On the eve of its Australian conference, the global Alternative Investment Management Association has produced a new set of policy principles in relation to the regulation of capital markets, which updates the principles announced in 2009 in response to the global financial crisis.

The four main categories addressed in the new principles are:

  • Improving investor protection.
  • Enhancing consistency of regulation and maintaining global markets.
  • Understanding and mitigation of systemic risk.
  • Encouraging improvement in market integrity.

 

  • AIMA supports regulatory and legislative structures which protect and enforce investors’ property, shareholder and creditor rights in a fair, equitable and proportionate manner. AIMA has developed and is promoting standardized due diligence questionnaires for both investors and managers. The principles say that retail investors need more statutory protection than sophisticated investors.
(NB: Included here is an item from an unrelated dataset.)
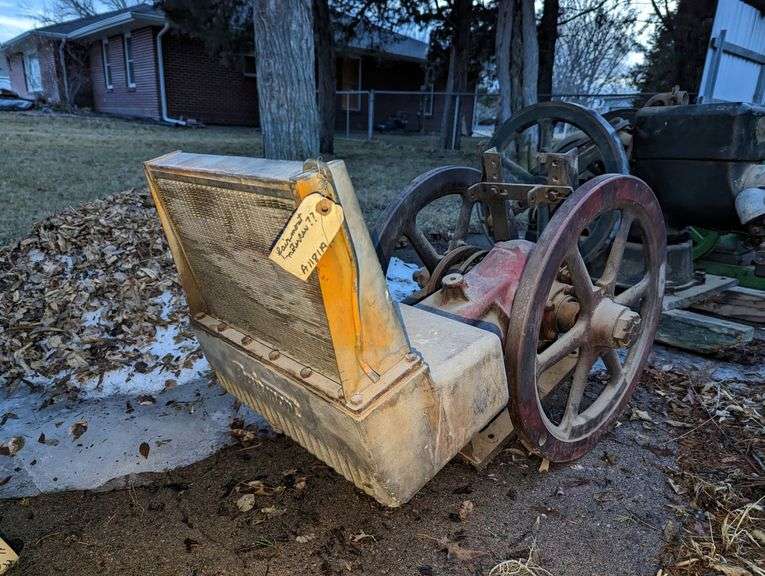 FAIRMONT A1181A RAILROAD SPEEDER GAS ENGINE (TURNS) Isabell Auction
    The principles warn that micro regulation which does not recognize different risk-bearing capacities could increase homogeneity. “Rules that produce the same responses to economic shocks could aggravate those shocks.”

    The principles suggest an end to the “too big to fail” notion.

    With respect to fighting “market abuse” the principles are supportive but AIMA says the most effective way to combat market abuse is to target the actual abusive behaviours rather than restricting legitimate activities or the use of certain technologies wrongly seen as proxies for market abuse.

    The AIMA Australian Chapter’s conference is at the Sydney Hilton Hotel tomorrow (September 10).